Calculating, in a similar way, the reference values of the elasticity modulus and tensile strength for each of the analyzed sample sets, the presented quality factors can be determined.

Table 4. Quality factors for composites reinforced by type “A” fabric.

Sample Type	Elasticity Factor		Resistance Factor		Uniformity Factor
	${\mathit{f}}_{\mathit{E}}$		${\mathit{f}}_{\mathit{\sigma }}$		${\mathit{f}}_{\mathit{u}}$
	Theoretical	Experimental	Theoretical	Experimental	Theoretical	Experimental
A10	1	0.991	0.853	0.848	0.853	0.855
A12	0.967	0.959	0.853	0.848	0.883	0.884
A14	0.936	0.908	0.853	0.839	0.912	0.924
A20	1	0.984	0.707	0.723	0.707	0.735
A22	0.923	0.903	0.707	0.714	0.765	0.790
A24	0.858	0.818	0.707	0.696	0.824	0.851

shows these quality factors for the sample sets reinforced by type “A” fabric and in

Table 5. Quality factors for composites reinforced by type “B” fabric.

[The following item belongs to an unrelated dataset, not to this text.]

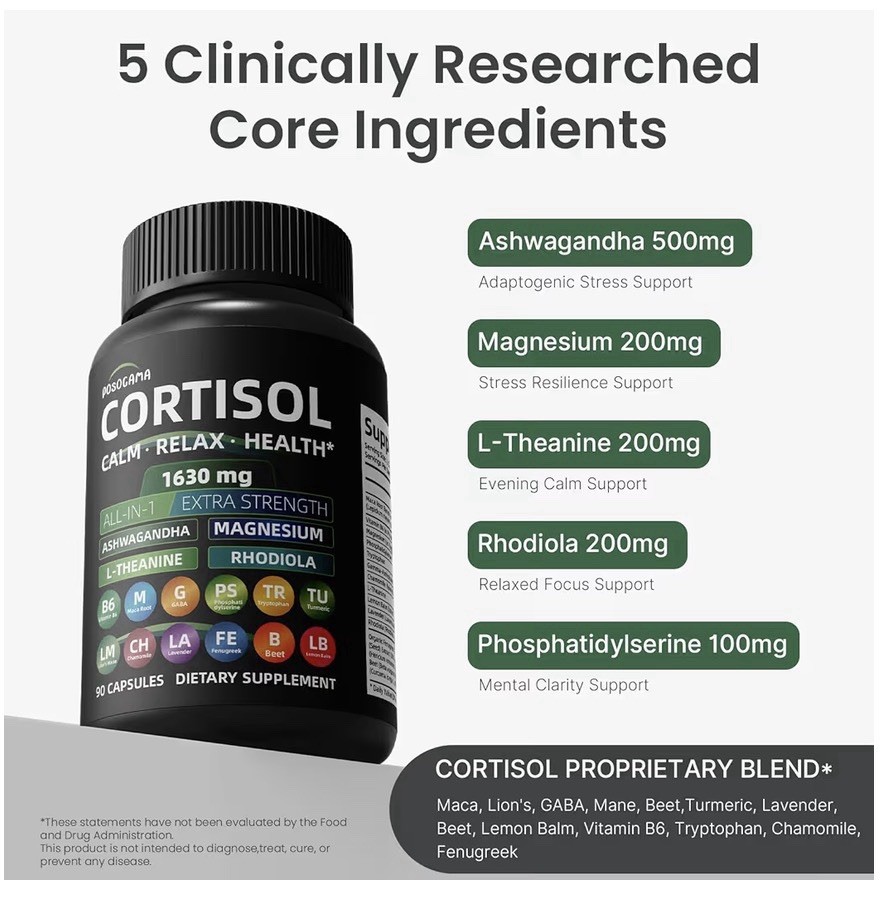 POSOGAMA Cortisol Calm Stress & Relax Supplement 16-in-1 Extra Strength 90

Sample Type	Elasticity Factor		Resistance Factor		Uniformity Factor
	${\mathit{f}}_{\mathit{E}}$		${\mathit{f}}_{\mathit{\sigma }}$		${\mathit{f}}_{\mathit{u}}$
	Theoretical	Experimental	Theoretical	Experimental	Theoretical	Experimental
B10	1	0.993	0.836	0.840	0.836	0.846
B12	0.962	0.931	0.836	0.840	0.869	0.902
B14	0.927	0.896	0.836	0.833	0.902	0.929
B20	1	0.998	0.673	0.693	0.673	0.694
B22	0.911	0.882	0.673	0.693	0.738	0.785
B24	0.837	0.802	0.673	0.687	0.804	0.856

for type “B” fabric.

Analyzing Table 4 and Table 5 leads us to the following conclusions:

-

the elasticity factor decreases if the number of interrupted layers increases; this shows that if the number of layers with interruptions increases, the elasticity modulus of the composite decreases;

-

the elasticity factor decreases if the layer interruption length increases; this shows that if the length of the area where resin replaces reinforcement increases, then the elasticity modulus of the composite decreases;

-

the resistance factor decreases if the number of interrupted layers increases; therefore, the tensile strength decreases if the number of interrupted layers increases;

-

the resistance factor is not influenced by the layer interruption length; this shows that breaking can occur when the fibers in the area where the bar section rigidity minimal break up;

-

the uniformity factor decreases if the number of interrupted layers increases;

-

the uniformity factor increases if the layer interruption length increases.

5. Discussion

Three factors give information on the properties of the analyzed sample material, properties that are compared to those of the reference material, which is considered to be ideal. Values close to 1 for the three factors point out that the analyzed material has properties that are very close to those of the reference material. A decrease in the values of the three factors indicates the presence of manufacture defects or that the analyzed material is different from the reference material. A value of less than 1 of the resistance factor shows that there are areas in the material where the mechanical properties are inferior to those of the reference material. In the case of composite materials, it indicates that there are areas where either the reinforcement volume proportion is lower than necessary, or the reinforcement orientation does not coincide with that of the reference material. A value less than 1 of the elasticity factor may give information on the dimensions of the area where the mechanical properties are inferior to those of the reference material. The lower the elasticity factor, the larger the faulty area dimensions. If the elasticity factor is 1 and the resistance factor is less than 1, there is a concentrated defect in the analyzed material. The uniformity factor characterizes the uniformity of the analyzed material. Decreased values of this factor point out the existence in the material of certain areas where the mechanical properties differ very much. There might be a case when the resistance factor and the elasticity factor have values less than 1, be very close, or a case in which the uniformity factor is near to the value 1. This shows that the analyzed material is uniform and so different from the reference material that it is actually a different material and not the faulty reference material. In the case of composites, this situation may indicate that the analyzed material has reinforcing material proportions, resin specifically, different from those of the reference material.